Phase 1 will run from April 1 till the end of May, 2024.
Phase 2
In mid-June 2024, Phase 2 will start. It will run until mid-September 2024.
Phase 2 includes three tracks. Based on all the submissions that teams make in the first phase, we will select several of the best-performing teams (10-20 teams) for tracks 1 and 2 of the second phase to work inside the secure Remote Access (RA) environment of CBS, or Statistics Netherlands. You can read about how teams will be selected to participate in tracks 1-2 and the conditions for accessing the CBS data here.
Teams that are not selected into tracks 1 and 2 will continue working on the LISS data (this is track 3).
Tracks 1 and 2 differ on the holdout set for which the participants will predict the outcome. Participants themselves can choose which track(s) they will work on.

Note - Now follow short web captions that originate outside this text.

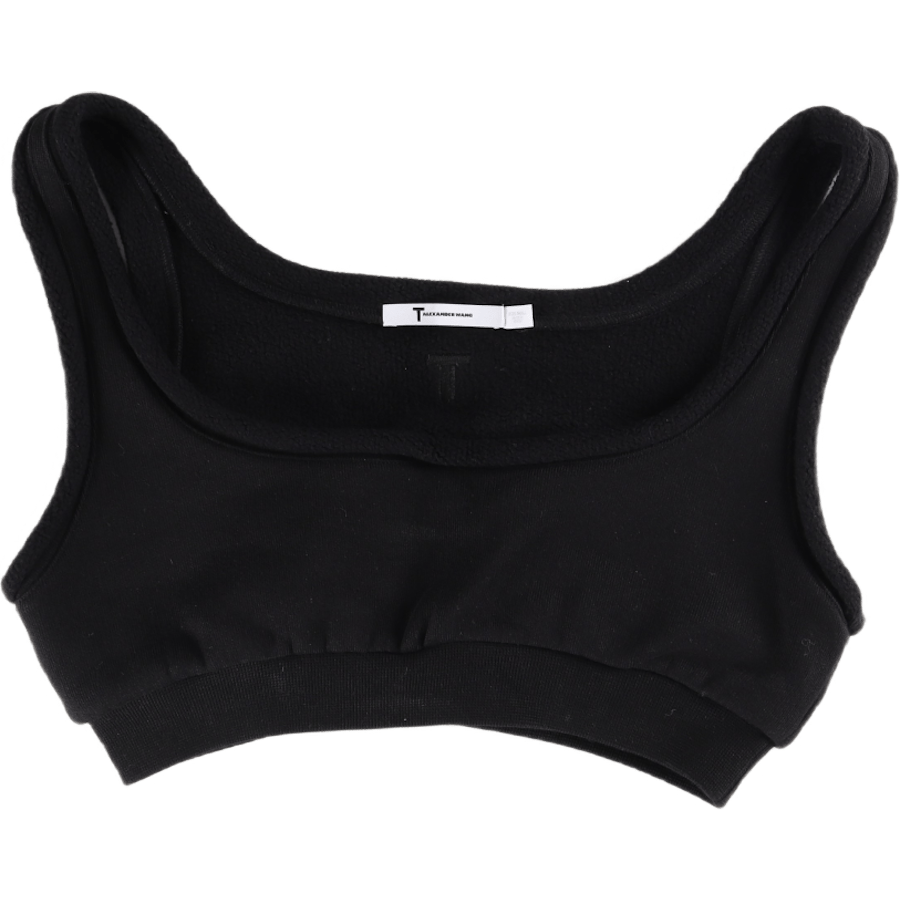 Fleece Bralette Black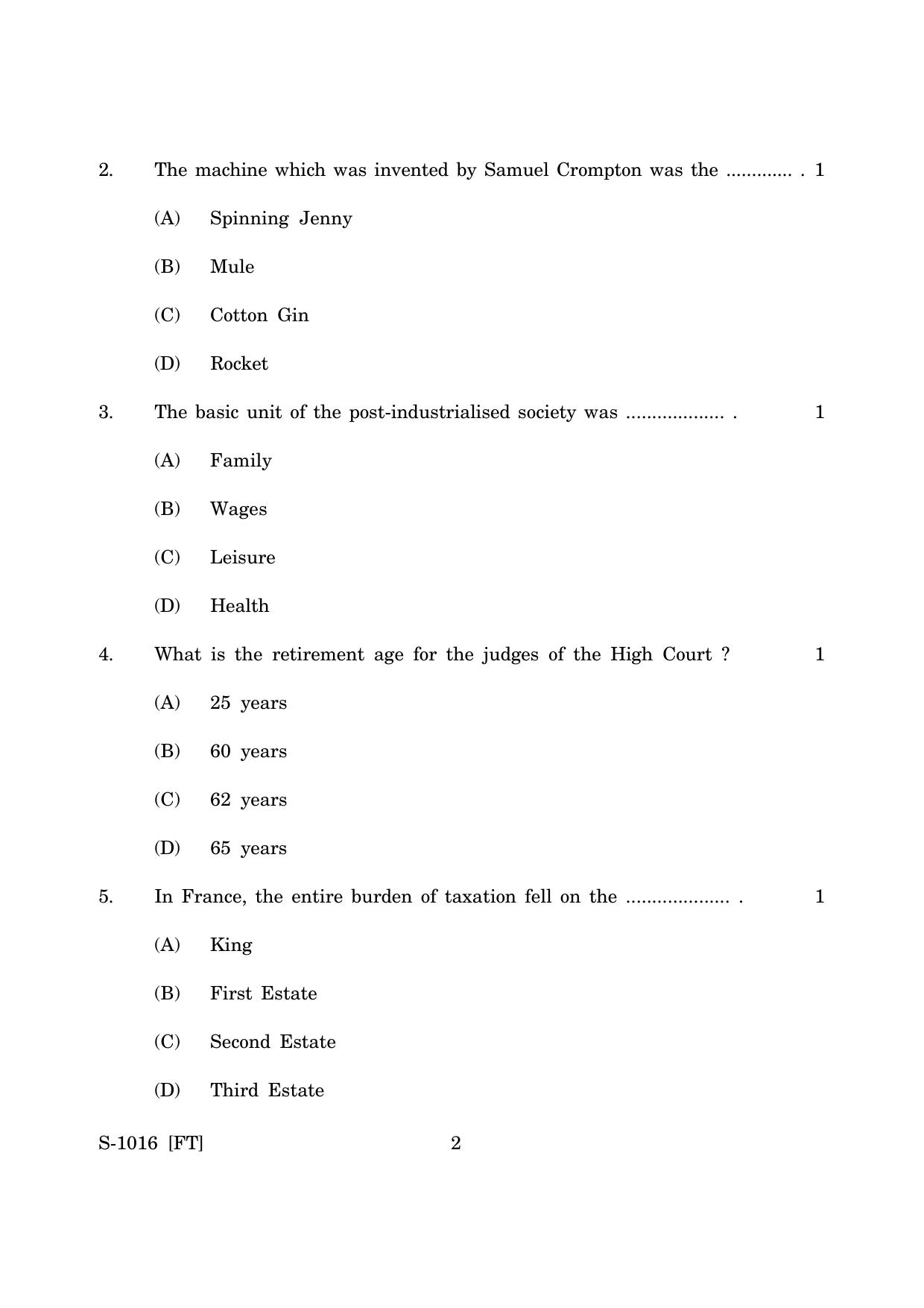 Goa Board Class 10 History & Political Science (E) (November 2022) Question Paper - Page 2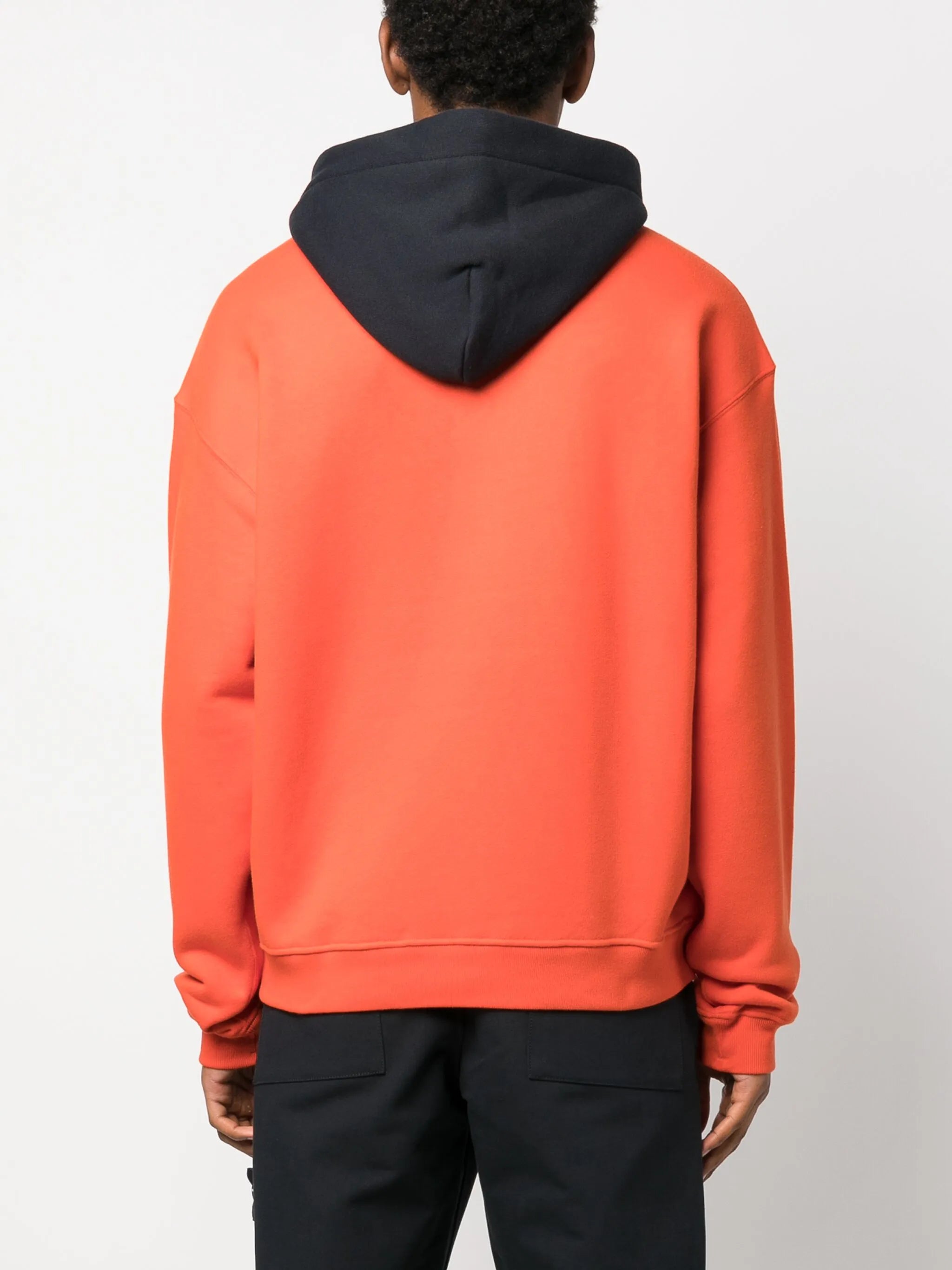 colour-block cotton hoodie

In the first track, participants will predict the fertility outcome for the LISS holdout set. This is similar to Phase 1/track 3, but the difference is that the LISS data can be linked to CBS data inside the RA environment.
In the second track, participants will instead predict the fertility outcome for the CBS holdout set.
This setup provides the participants of tracks 1 and 2 with a unique opportunity to develop and test multiple approaches to possibly enhance the performance of their methods by using both datasets.
Access to the CBS RA environment and CBS data is governed by strict rules and regulations in relation to data protection and privacy. One consequence of such rules is that access to this RA environment is only possible from the European Economic Area and a few other countries and is subject to the approval of CBS and passing security checks. Another issue in working in the CBS RA environment is that computing resources are constrained. Given the limitations, only a selection of teams can participate in the second phase. The costs of access to the CBS datasets will be covered by ODISSEI and access will be subject to the vetting and agreement of Statistics Netherlands and the ODISSEI Management Board under the general grant conditions of ODISSEI.